TASK DIRECTIONS => Make an exact copy of the listing so that no picture is carried over.

SUPPLIED MATERIAL =>
┌────────

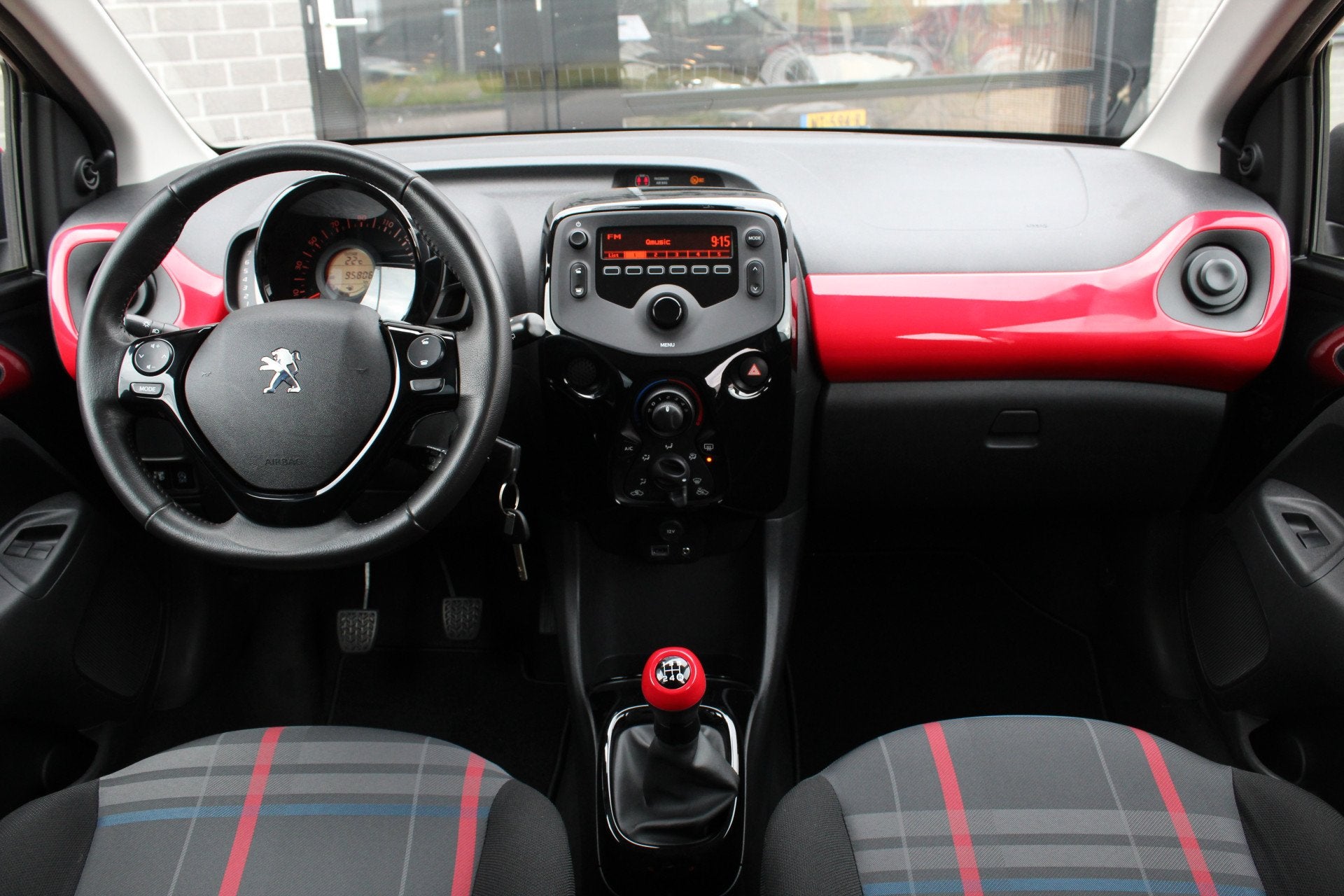 Peugeot 108 1.0 e-VTi Envy / Airco / LMV 15" / N.A.P., Voorwielaandrijving, Stof, Gebruikt, Met garantie (alle)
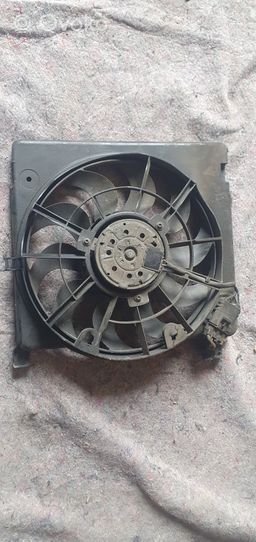 Opel Zafira B Ventilatore di raffreddamento elettrico del radiatore 0130307057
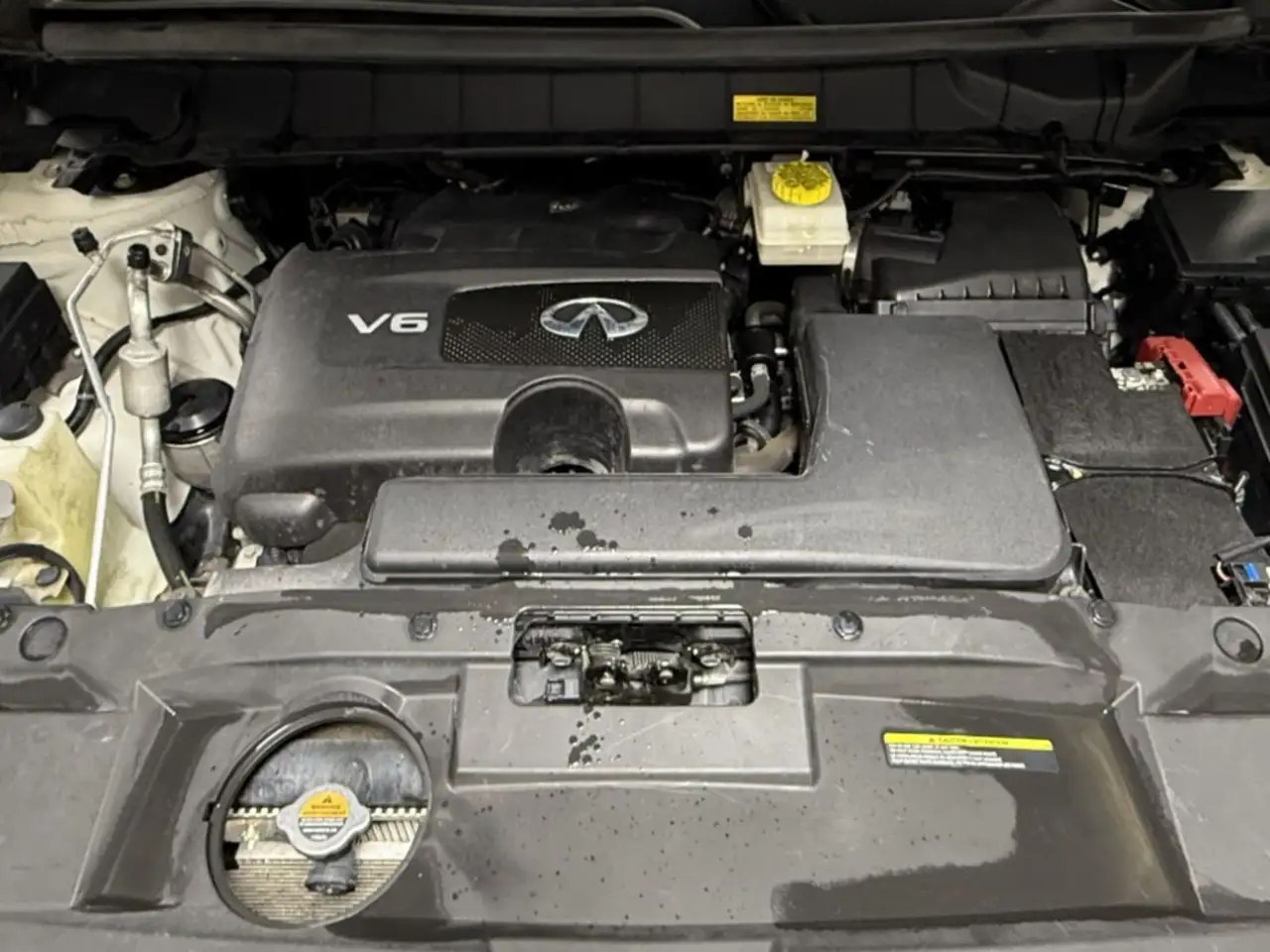 Infiniti QX60 снимка Infiniti QX60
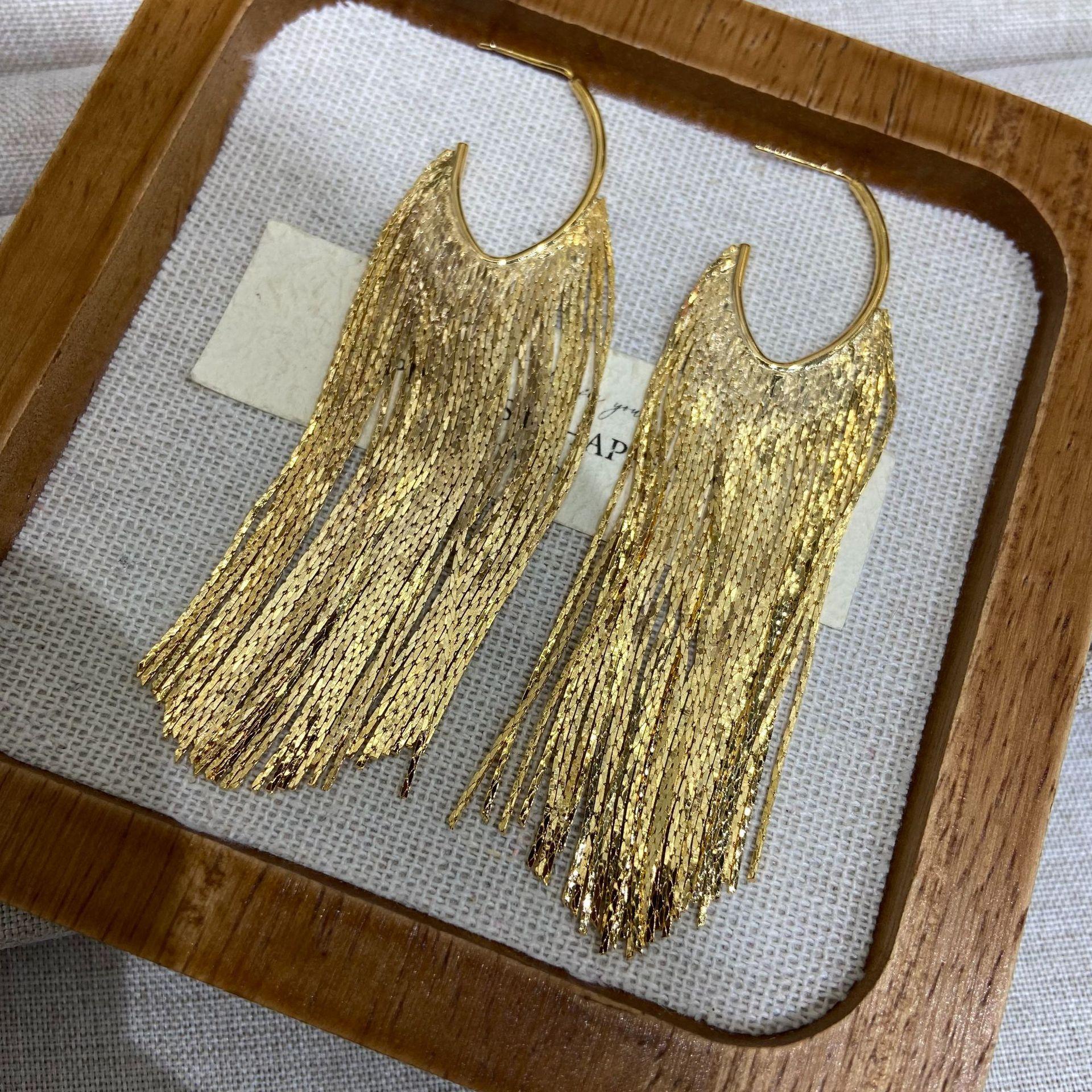 

Dongju Design Sense Personalized Metal Fringed Earrings Women S Niche Temperament Simple Design Sense C-Shaped Silver Needle Earrings Light золотий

└────────

SOLVED PROBLEM =>
 Peugeot 108 1.0 e-VTi Envy / Airco / LMV 15" / N.A.P., Voorwielaandrijving, Stof, Gebruikt, Met garantie (alle)
 Opel Zafira B Ventilatore di raffreddamento elettrico del radiatore 0130307057
 Infiniti QX60 снимка Infiniti QX60

Dongju Design Sense Personalized Metal Fringed Earrings Women S Niche Temperament Simple Design Sense C-Shaped Silver Needle Earrings Light золотий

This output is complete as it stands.